Thursday, 18 December 2014: 10:20 AM
Lewis D Ashwal, University of the Witwatersrand, School of Geosciences, Johannsburg, South Africa
Several types of anorthosite can be recognized, some of which show distinct age restrictions in Earth and planetary history. Primordial, Archean and Proterozoic anorthosites are distinctly different and are restricted in time and space. Those of layered mafic intrusions and ophiolites show no apparent time restrictions. Primordial anorthosites form the bulk of the lunar crust, and have been provisionally detected on Mars; these probably formed in response to planetary accretion. No surviving crust of this nature has yet been found on Earth. Calcic (>An80) megacrystic anorthosites are restricted to the Archean, are associated with mafic volcanics of greenstone belts, and may have formed by accumulation of An-rich plagioclase from mafic to ultramafic magmas; high H2O content of parental melts may explain the calcic compositions, and the temporality might be linked to that of komatiitic magmatism, for which many tectonic settings, including subduction, have been proposed.

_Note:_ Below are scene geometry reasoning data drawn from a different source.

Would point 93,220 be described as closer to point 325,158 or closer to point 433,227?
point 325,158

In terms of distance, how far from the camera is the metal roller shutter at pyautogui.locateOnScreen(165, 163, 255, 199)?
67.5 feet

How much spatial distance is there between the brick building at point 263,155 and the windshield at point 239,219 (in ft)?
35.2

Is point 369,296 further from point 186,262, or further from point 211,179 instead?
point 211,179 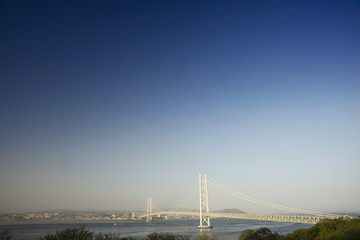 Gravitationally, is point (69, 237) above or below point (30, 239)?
above

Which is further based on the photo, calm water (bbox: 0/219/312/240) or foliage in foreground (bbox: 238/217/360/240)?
calm water (bbox: 0/219/312/240)

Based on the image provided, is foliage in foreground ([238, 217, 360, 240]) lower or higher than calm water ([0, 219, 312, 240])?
higher

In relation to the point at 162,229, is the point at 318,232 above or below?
above

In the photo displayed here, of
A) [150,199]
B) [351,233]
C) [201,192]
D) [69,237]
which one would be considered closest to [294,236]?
[351,233]

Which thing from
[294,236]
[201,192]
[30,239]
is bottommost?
[30,239]

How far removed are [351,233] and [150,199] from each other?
4997 inches

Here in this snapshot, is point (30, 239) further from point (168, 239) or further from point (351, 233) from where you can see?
point (351, 233)

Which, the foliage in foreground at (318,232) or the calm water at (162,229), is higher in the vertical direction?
the foliage in foreground at (318,232)

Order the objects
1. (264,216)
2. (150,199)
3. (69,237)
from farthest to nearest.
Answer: (150,199) → (264,216) → (69,237)

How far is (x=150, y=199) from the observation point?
5502 inches

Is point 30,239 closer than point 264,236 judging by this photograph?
No

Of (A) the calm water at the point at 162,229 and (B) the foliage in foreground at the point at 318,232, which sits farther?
(A) the calm water at the point at 162,229

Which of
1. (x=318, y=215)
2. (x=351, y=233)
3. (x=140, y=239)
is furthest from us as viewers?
(x=140, y=239)

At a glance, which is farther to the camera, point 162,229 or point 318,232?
point 162,229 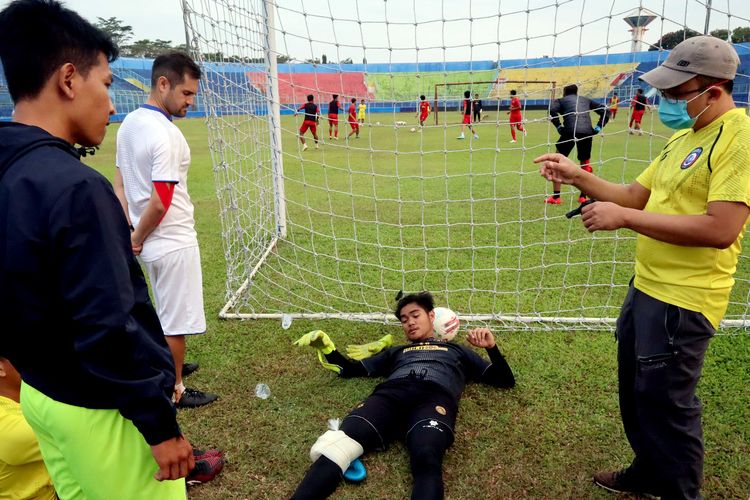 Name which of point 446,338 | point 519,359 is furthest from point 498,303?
point 446,338

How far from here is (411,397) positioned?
2834mm

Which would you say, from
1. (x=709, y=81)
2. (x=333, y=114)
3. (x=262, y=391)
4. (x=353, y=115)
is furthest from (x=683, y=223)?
(x=333, y=114)

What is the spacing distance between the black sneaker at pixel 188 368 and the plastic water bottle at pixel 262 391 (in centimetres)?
55

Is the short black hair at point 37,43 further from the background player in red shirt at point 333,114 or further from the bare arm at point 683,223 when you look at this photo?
the background player in red shirt at point 333,114

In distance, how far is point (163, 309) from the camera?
9.50 feet

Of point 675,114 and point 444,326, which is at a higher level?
point 675,114

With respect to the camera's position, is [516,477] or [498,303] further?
[498,303]

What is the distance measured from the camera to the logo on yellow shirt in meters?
1.83

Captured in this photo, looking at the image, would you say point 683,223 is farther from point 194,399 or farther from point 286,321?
point 286,321

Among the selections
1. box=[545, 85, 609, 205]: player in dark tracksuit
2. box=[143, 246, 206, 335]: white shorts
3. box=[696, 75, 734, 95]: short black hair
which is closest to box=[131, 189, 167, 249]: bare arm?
box=[143, 246, 206, 335]: white shorts

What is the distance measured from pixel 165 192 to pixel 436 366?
1789 millimetres

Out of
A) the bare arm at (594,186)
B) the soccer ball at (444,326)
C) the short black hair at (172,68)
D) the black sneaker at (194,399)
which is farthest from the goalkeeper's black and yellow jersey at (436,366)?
the short black hair at (172,68)

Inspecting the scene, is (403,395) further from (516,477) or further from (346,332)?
(346,332)

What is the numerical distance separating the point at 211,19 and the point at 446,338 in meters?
3.18
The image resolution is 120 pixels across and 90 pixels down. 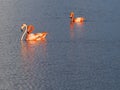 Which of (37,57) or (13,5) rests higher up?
(13,5)

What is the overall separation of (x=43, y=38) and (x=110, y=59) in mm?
4320

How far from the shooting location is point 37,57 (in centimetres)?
1791

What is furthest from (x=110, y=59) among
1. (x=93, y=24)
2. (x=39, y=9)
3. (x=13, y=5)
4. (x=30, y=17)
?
(x=13, y=5)

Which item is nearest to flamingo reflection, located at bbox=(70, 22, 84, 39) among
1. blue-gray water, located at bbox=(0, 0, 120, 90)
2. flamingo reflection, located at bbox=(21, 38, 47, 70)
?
blue-gray water, located at bbox=(0, 0, 120, 90)

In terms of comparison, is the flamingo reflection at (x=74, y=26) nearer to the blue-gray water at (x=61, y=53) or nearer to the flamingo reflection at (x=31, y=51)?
the blue-gray water at (x=61, y=53)

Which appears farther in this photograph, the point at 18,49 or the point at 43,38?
the point at 43,38

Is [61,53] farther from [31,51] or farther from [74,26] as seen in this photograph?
[74,26]

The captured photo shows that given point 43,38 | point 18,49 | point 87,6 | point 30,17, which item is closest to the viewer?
point 18,49

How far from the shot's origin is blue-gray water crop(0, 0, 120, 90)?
14.7 meters

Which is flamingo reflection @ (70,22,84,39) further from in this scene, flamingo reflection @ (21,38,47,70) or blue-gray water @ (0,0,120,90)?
flamingo reflection @ (21,38,47,70)

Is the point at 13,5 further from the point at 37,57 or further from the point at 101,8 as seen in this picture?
the point at 37,57

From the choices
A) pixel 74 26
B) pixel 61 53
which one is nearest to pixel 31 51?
pixel 61 53

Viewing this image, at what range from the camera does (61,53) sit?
18.4m

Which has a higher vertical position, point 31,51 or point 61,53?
point 31,51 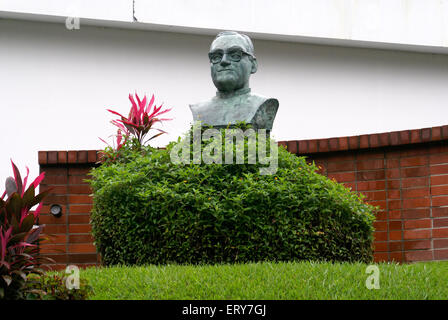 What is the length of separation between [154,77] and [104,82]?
905 millimetres

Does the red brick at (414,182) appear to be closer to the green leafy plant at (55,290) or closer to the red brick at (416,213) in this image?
the red brick at (416,213)

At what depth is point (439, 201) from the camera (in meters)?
7.96

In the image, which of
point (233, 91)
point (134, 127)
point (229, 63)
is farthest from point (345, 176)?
point (134, 127)

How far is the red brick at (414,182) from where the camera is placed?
806cm

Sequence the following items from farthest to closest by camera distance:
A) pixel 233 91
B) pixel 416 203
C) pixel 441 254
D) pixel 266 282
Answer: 1. pixel 416 203
2. pixel 441 254
3. pixel 233 91
4. pixel 266 282

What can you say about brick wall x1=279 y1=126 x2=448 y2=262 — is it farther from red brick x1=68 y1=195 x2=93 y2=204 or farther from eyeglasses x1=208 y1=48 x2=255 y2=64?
red brick x1=68 y1=195 x2=93 y2=204

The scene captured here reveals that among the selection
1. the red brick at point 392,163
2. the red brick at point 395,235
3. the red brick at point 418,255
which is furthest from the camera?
the red brick at point 392,163

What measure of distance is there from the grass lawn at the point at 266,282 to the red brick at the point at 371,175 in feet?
9.58

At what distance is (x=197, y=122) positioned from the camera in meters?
6.98

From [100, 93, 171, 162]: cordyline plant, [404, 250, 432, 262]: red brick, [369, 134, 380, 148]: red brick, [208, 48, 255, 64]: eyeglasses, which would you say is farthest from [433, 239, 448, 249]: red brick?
[100, 93, 171, 162]: cordyline plant

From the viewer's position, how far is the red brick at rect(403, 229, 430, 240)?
8.00 metres

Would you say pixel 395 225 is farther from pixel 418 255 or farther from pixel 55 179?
pixel 55 179

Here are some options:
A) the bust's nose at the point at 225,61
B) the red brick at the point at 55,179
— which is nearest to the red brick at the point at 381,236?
the bust's nose at the point at 225,61

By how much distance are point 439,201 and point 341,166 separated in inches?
50.6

Massif-type anorthosite is the most abundant of terrestrial types, and occurs as small plutons to huge composite batholiths that are entirely restricted to the Proterozoic. Compositions (An50 ± 10 vs. >An80), textures (lathy vs. equant plagioclase) and size (massifs to ~15,000 km2 vs. Archean bodies to ~560 km2) effectively distinguish Proterozoic from Archean anorthosites. An arc environment for massifs is suggested by the long, linear belts of coalescent anorthositic plutons, some of which have been emplaced into continental crust over extensive time periods (>100 m.y.). Magma derivation was from depleted mantle (not mafic lower crust), although there is evidence for substantial crustal contamination. Plagioclase-rich mushes formed by flotation in deep crustal chambers, and ascended diapirically to the mid-crust. Massif anorthosites have not yet been found in Phanerozoic continental arcs, although anorthositic layers are present as parts of layered gabbros in some deep crustal sections (e.g. Argentina). It is not clear if different subduction styles alone can explain the differences between Archean, Proterozoic and Phanerozoic anorthosites. Their temporality might be caused by any combination of secular cooling of the Earth, secular variation in H2O content of arc magmas and insufficient depths of erosion of young arc terranes.